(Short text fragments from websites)
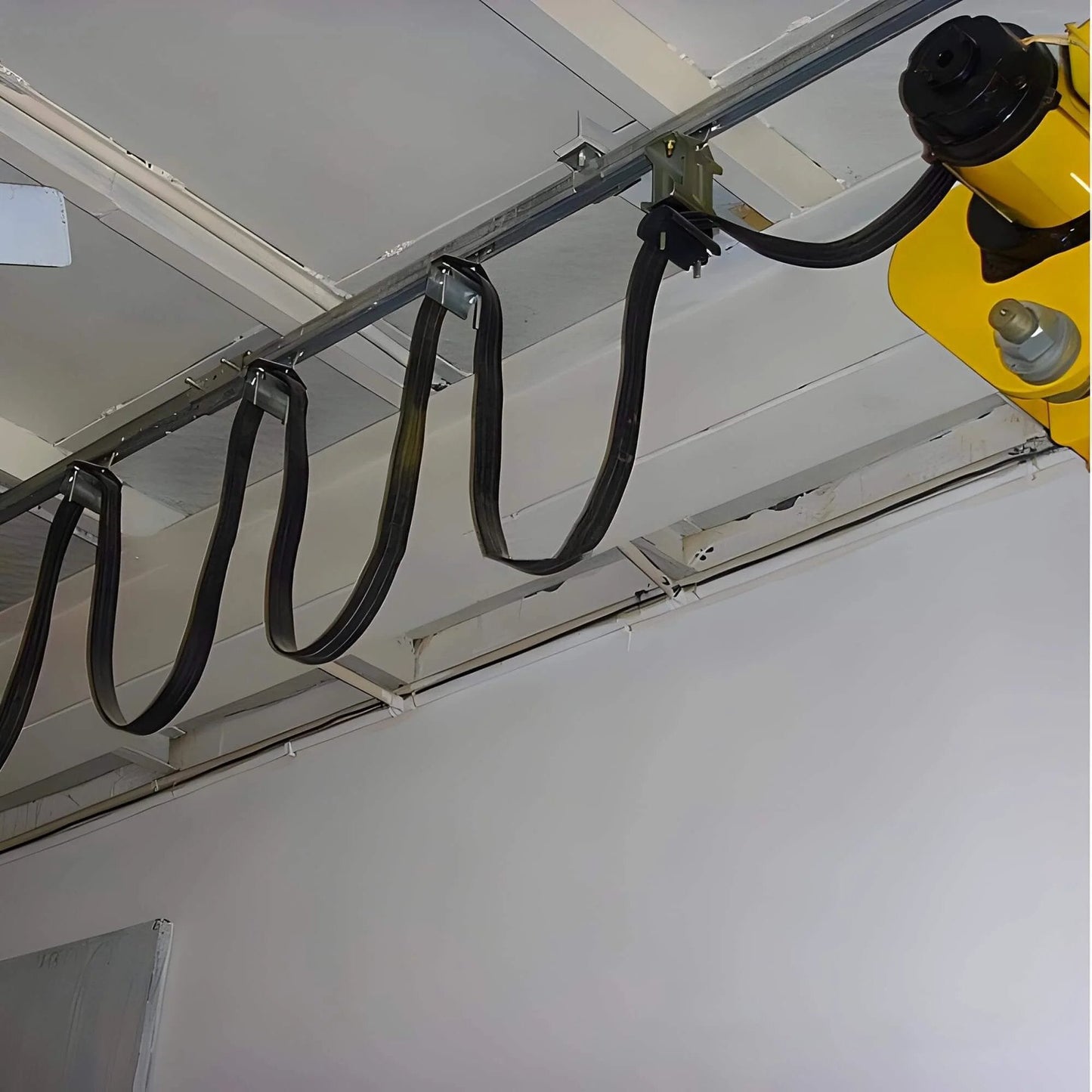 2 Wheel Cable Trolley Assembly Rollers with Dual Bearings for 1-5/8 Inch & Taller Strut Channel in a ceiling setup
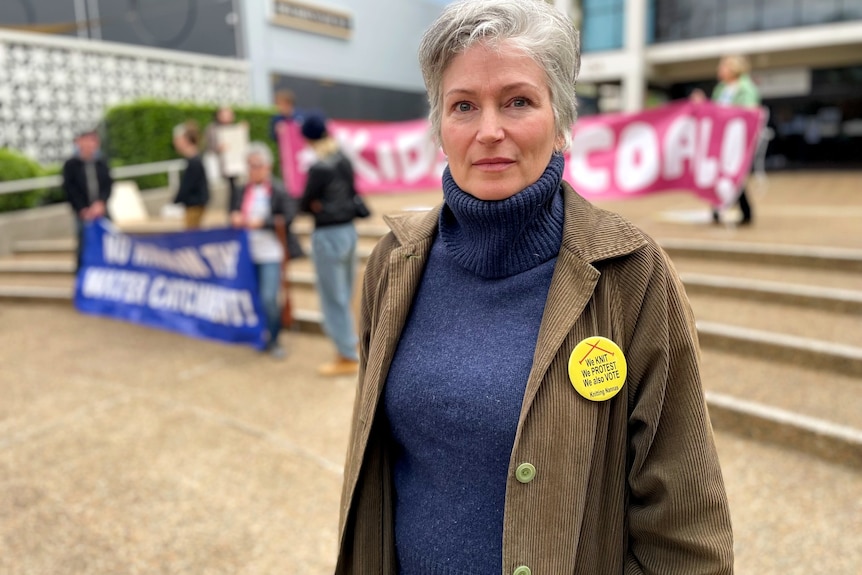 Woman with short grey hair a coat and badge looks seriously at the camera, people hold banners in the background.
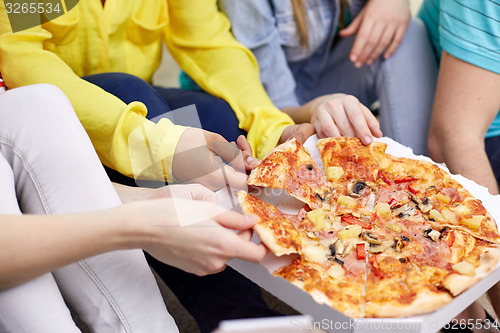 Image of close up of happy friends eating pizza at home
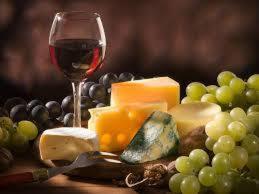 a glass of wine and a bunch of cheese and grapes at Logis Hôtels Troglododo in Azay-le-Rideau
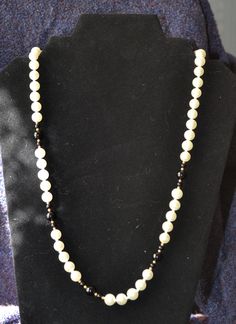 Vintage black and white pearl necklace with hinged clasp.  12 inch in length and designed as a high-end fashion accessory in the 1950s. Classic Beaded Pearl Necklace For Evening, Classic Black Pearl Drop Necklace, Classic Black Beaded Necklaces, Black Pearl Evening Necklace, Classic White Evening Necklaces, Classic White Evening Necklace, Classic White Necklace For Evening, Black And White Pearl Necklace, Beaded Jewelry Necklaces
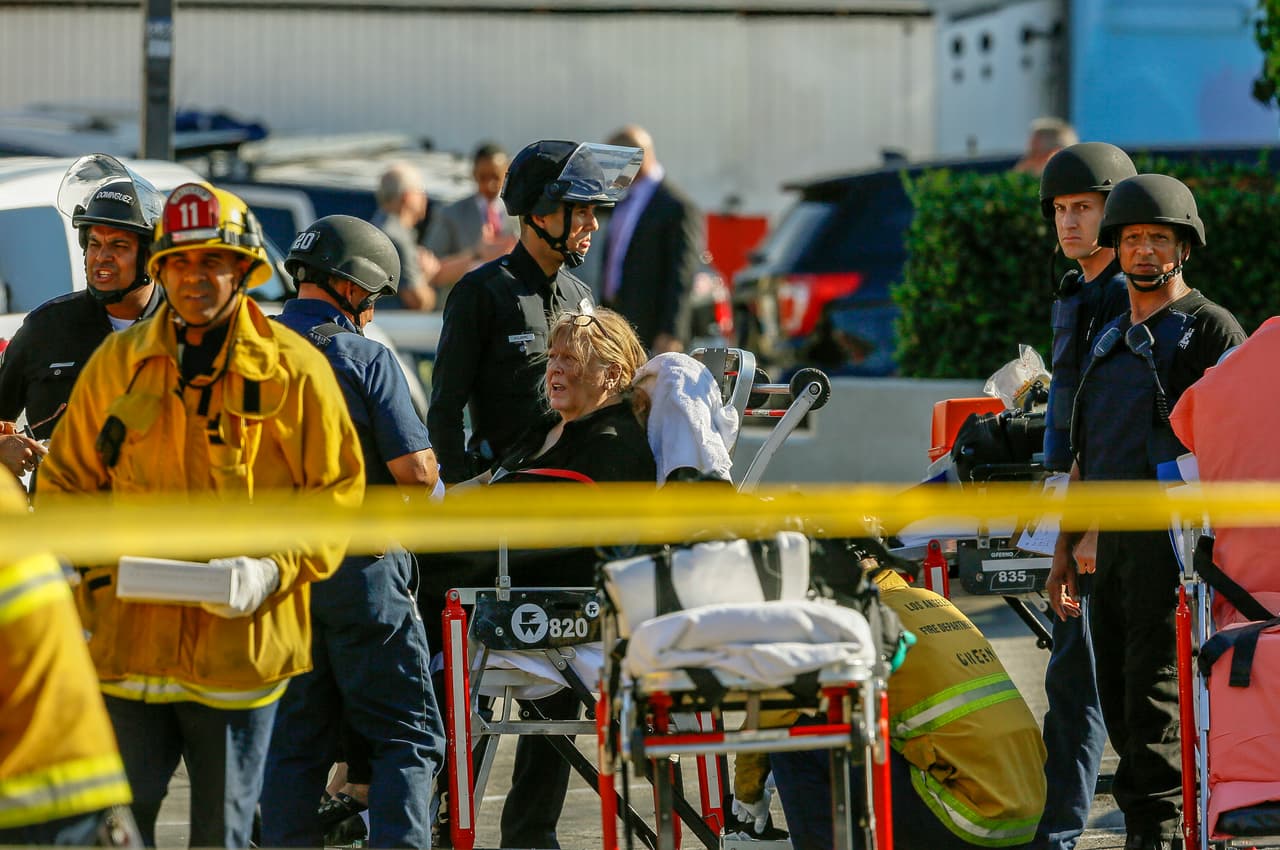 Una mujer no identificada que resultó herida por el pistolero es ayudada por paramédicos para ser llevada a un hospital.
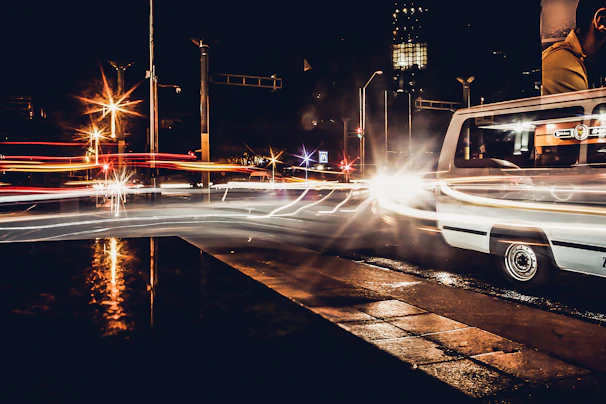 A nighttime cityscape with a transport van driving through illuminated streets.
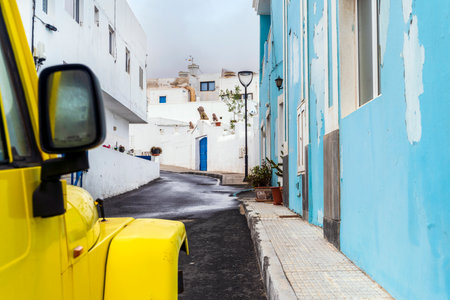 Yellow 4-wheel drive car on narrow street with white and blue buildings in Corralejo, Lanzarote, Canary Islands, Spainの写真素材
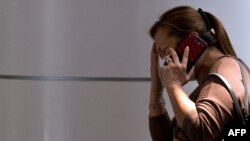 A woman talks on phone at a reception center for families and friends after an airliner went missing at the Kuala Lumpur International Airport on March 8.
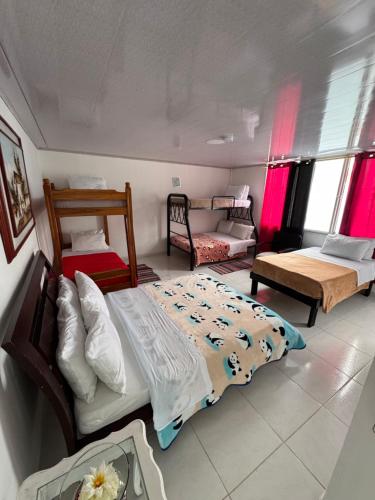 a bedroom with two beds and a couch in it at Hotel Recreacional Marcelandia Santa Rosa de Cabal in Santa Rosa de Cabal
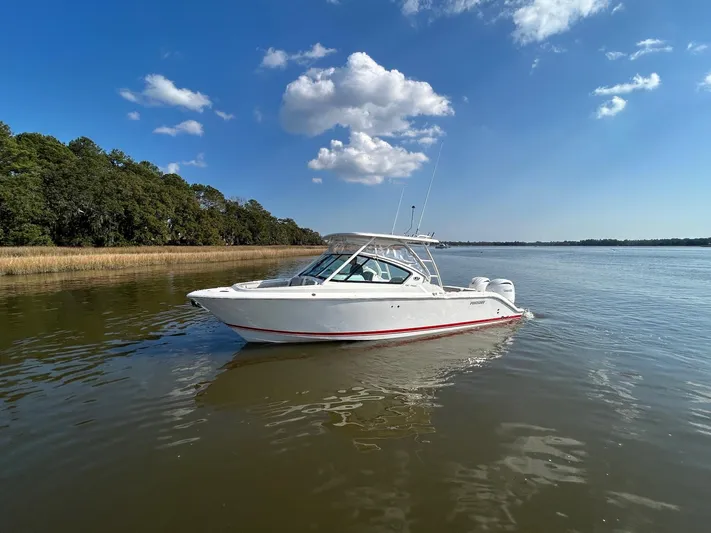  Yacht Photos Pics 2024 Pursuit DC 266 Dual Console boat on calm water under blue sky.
* * *
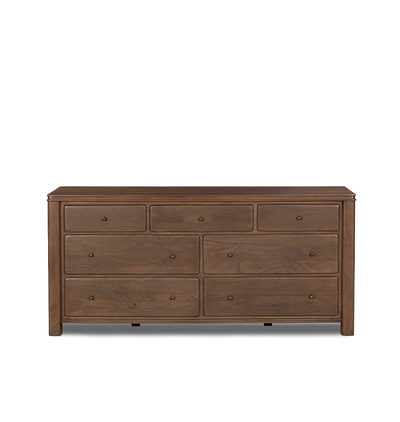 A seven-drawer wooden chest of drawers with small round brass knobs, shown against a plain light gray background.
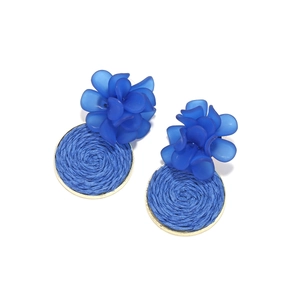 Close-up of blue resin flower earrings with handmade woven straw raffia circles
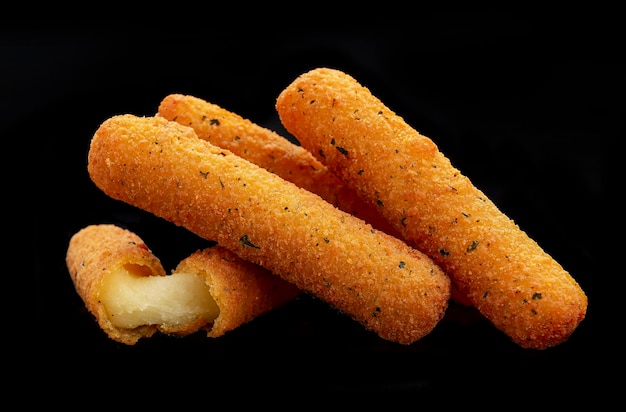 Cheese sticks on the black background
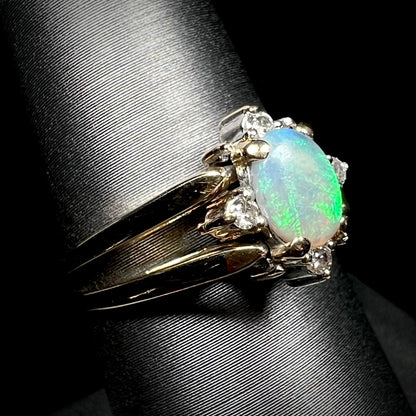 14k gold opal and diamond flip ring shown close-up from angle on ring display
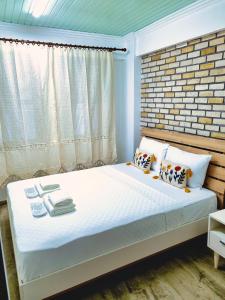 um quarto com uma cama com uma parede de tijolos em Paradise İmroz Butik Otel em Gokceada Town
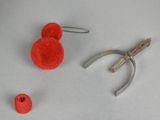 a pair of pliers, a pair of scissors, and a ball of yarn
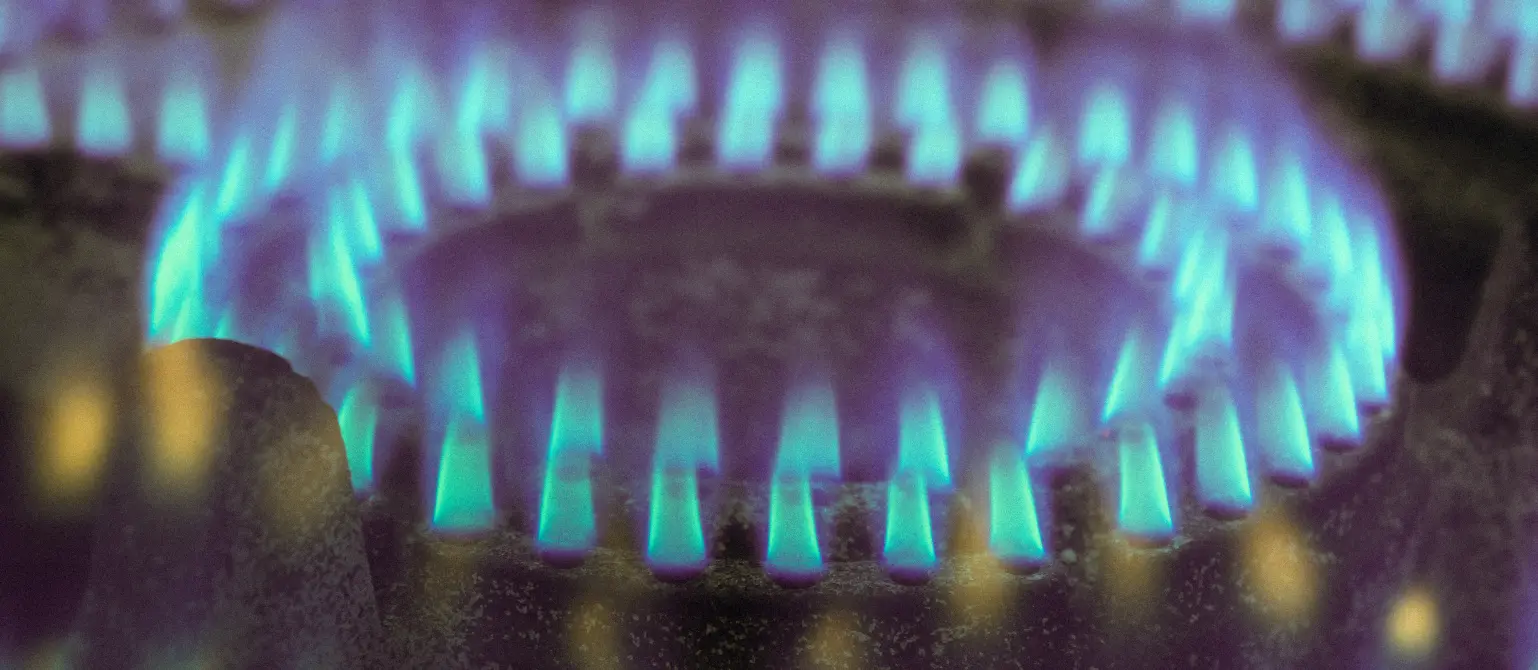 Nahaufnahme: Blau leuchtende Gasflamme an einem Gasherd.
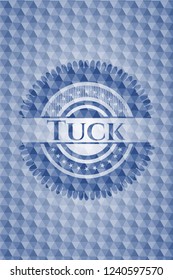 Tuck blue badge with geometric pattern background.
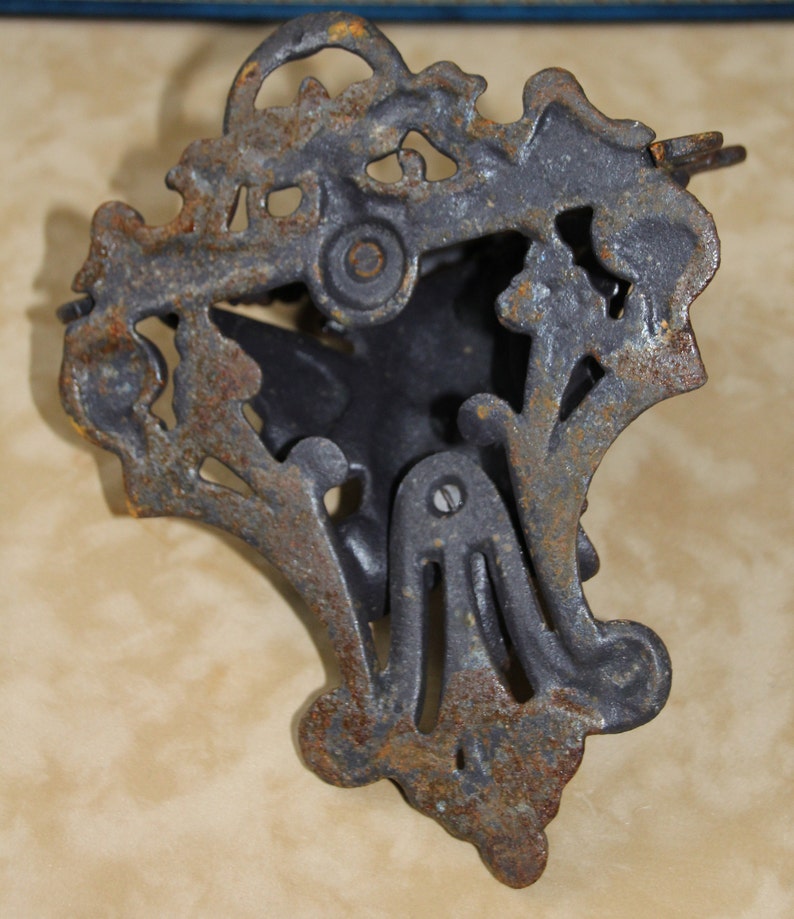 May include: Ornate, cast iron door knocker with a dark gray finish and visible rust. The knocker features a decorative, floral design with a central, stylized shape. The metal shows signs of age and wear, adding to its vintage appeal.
...
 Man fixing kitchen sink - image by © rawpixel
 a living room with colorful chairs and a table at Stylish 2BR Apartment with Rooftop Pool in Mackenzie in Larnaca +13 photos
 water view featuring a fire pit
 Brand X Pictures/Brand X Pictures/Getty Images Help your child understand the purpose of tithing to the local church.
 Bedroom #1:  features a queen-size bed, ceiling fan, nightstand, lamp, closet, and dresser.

TASK BRIEF ::
Take the entries above and copy exactly the lines starting at the one with "Image of close" and ending at the one with "a glass of wine"; nothing outside that span, and no pictures.

SOLUTION TO THIS PROBLEM ::
 Image of close up of happy friends eating pizza at home
 a glass of wine and a bunch of cheese and grapes at Logis Hôtels Troglododo in Azay-le-Rideau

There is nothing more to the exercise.